Applications and potential of 3D printing: from polymers to magnetic solid state materials

Dieter Suess was born 1975 in Vienna.  He studied at the Vienna University of Technology from 1994 to 1999 and completed his dissertation “Micromagnetic Simulations of Antiferro-and Ferromagnetic Structures for Magnetic Recording” in 2002, which was partly conducted in Perth (Australia). In the summer of 2006, he worked as a consultant at Komag (now Western Digital) in San Jose (California) to support the product realisation of the “Exchange Spring Media” concept he proposed for hard disks, which has now been used in commercial hard disks since 2007.  In June 2007, Dieter Suess completed his habilitation in Computational Materials Science at the Vienna University of Technology.  Since 2008 he has been project leader of several FWF, WWTF and company projects and since June 2013 he has been head of the Christian Doppler Laboratory “Advanced Magnetic Sensing and Materials” with a total project volume of approximately 5 million euros.

Since March 2018 Dr. Suess is Professor at the Functional Materials Group at the University of Vienna.

Dieter Suess has published around 200 papers in scientific journals. In his research he deals with magnetization dynamics and thermal activations in magnetic materials with a special focus on applications for memory and sensors, spintronics up to 3D printing of magnets.

In 2006 D. Suess funded the start-up company SuessCo Simulations developing magnetic software and in 2018 the company SuessCo Sensors Gmbh.

OUTREACH EVENT – Prof. Luca Bindi

Dipartimento di Scienze della Terra, Università di Firenze, Via La Pira 4, I-50121 Firenze, Italy

Once upon a time in Kamchatka: The extraordinary search for natural quasicrystals

Flyer_Luca Bindi

Luca Bindi (born 1971) is an Italian geologist. He currently holds the Chair of Mineralogy and Crystallography in the Department of Earth Sciences in the University of Florence. He is also a research associate at the Istituto di Geoscienze e Georisorse of the National Research Council (Italy) (CNR). He has received national and international scientific awards that include the President of the Republic Prize 2015 in the category of Physical, Mathematical and Natural Sciences in the National Academy of Lincei.
He discovered natural quasicrystals in 2009, showing that quasicrystals can form spontaneously in nature and remain stable for geological times.
Two of his scientific works related to the discovery of the first natural quasicrystal, icosahedrite, were cited in Scientific Background on the Nobel Prize in Chemistry 2011 – The Discovery of Quasicrystals of the Nobel Committee for Chemistry of the Royal Swedish Academy of Sciences.
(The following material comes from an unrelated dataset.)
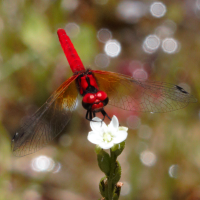 湿地を考える会 (@tokaimousengoke) 's Twitter Profile Photo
On 29 May 2018, the asteroid 92279 Bindiluca was named in his honor.
Bindi has numerous international collaborations, especially with Princeton University, Harvard University, and the California Institute of Technology.
His research activity resulted in 250 scientific publications in international journals, mainly covering crystallographic structural studies of minerals characterized by incommensurate structures, superstructures, twinning, and integrating mineralogy with the most-advanced fields of crystallography. Significant among his research works are the crystal-chemical studies of major mineral phases for the Earth’s mantle, and studies of potassium-rich clinopyroxene, which had broad international resonance.